Improved disk-drive failure warnings

Abstract
Improved methods are proposed for disk-drive failure prediction. The SMART (self monitoring and reporting technology) failure prediction system is currently implemented in disk-drives. Its purpose is to predict the near-term failure of an individual hard disk-drive, and issue a backup warning to prevent data loss. Two experimental tests of SMART show only moderate accuracy at low false-alarm rates. (A rate of 0.2% of total drives per year implies that 20% of drive returns would be good drives, relative to /spl ap/1% annual failure rate of drives). This requirement for very low false-alarm rates is well known in medical diagnostic tests for rare diseases, and methodology used there suggests ways to improve SMART. Two improved SMART algorithms are proposed. They use the SMART internal drive attribute measurements in present drives. The present warning-algorithm based on maximum error thresholds is replaced by distribution-free statistical hypothesis tests. These improved algorithms are computationally simple enough to be implemented in drive microprocessor firmware code. They require only integer sort operations to put several hundred attribute values in rank order. Some tens of these ranks are added up and the SMART warning is issued if the sum exceeds a prestored limit. These new algorithms were tested on 3744 drives of 2 models. They gave 3-4 times higher correct prediction accuracy than error thresholds on will-fail drives, at 0.2% false-alarm rate.

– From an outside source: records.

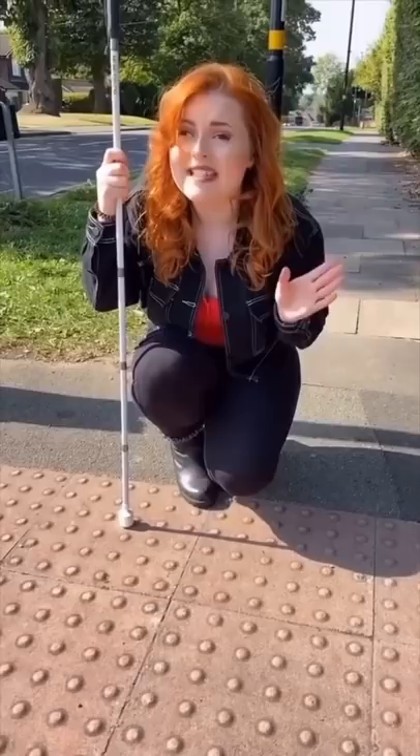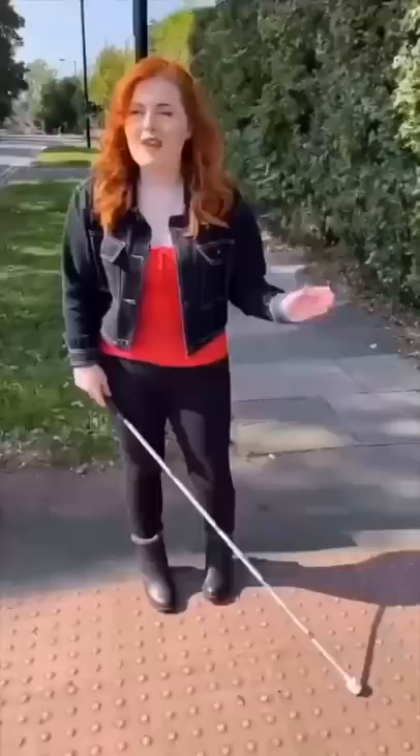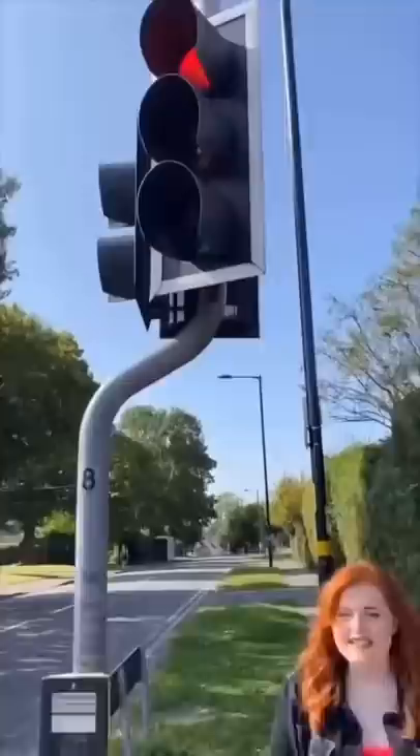Equally spaced dots in a grid formation mean you're coming up to a dropped curb. If you see this type of paving and it's red like this one, you're coming up to a crossing with lights. But if it's yellow, you're just coming up to a regular dropped curb.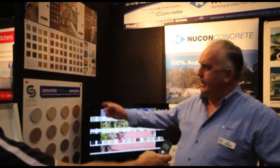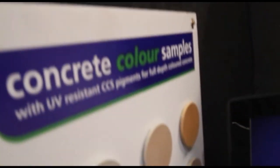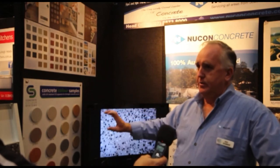Yes Bob, we use the Colour Concrete Systems Oxides. They are very, very good — they're all through colour. So if you feel that you might have the top wearing off, it'll actually have the depth of the colour all the way through. So that way you've got good solid colour.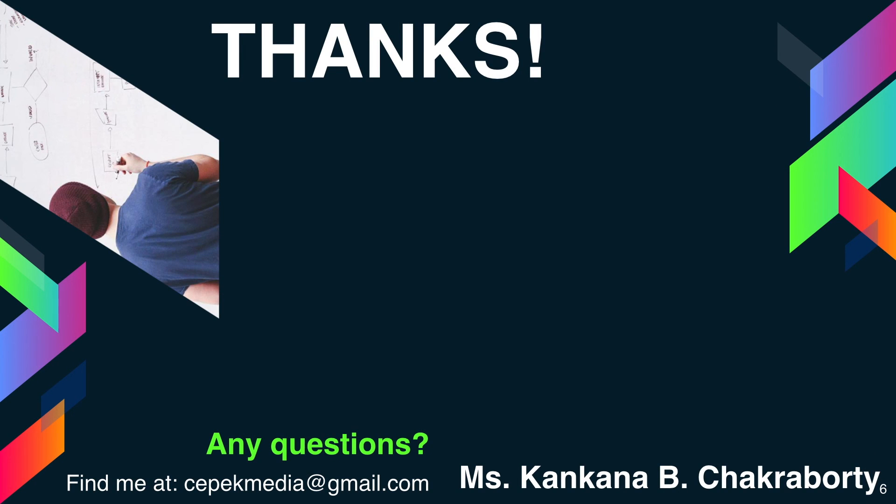If you have any doubts and queries, I request you to comment in the comment box below. If you like this video, kindly click the like button and don't forget to subscribe to this channel. Thank you, have a nice day.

The highest accuracies achievable are modest (40%-60%). Care was taken to test will-fail drive prediction accuracy on data independent of the algorithm design data. Additional work is needed to verify and apply these algorithms in actual drive design. They can also be useful in drive failure analysis engineering. It might be possible to screen drives in manufacturing using SMART attributes. Marginal drives might be detected before substantial final test time is invested in them, thereby decreasing manufacturing cost, and possibly decreasing overall field failure rates.